### EXERCISE:
Restate each line below word for word, skipping every picture.

### DATA SHOWN:
'''

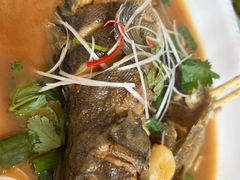 家焖杂拌鱼-鸿运美食府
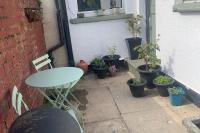 Sleeps 7 Home Blackpool w Free Parking BBq WiFi - B&B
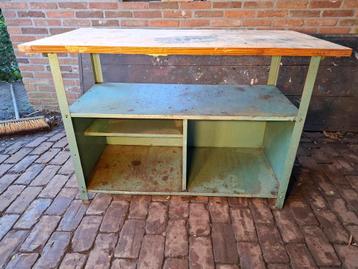 Goede, degelijke werkbank met houten werkblad! beschikbaar voor biedingen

'''

### RESULT OF THE EXERCISE:
 家焖杂拌鱼-鸿运美食府
 Sleeps 7 Home Blackpool w Free Parking BBq WiFi - B&B
 Goede, degelijke werkbank met houten werkblad! beschikbaar voor biedingen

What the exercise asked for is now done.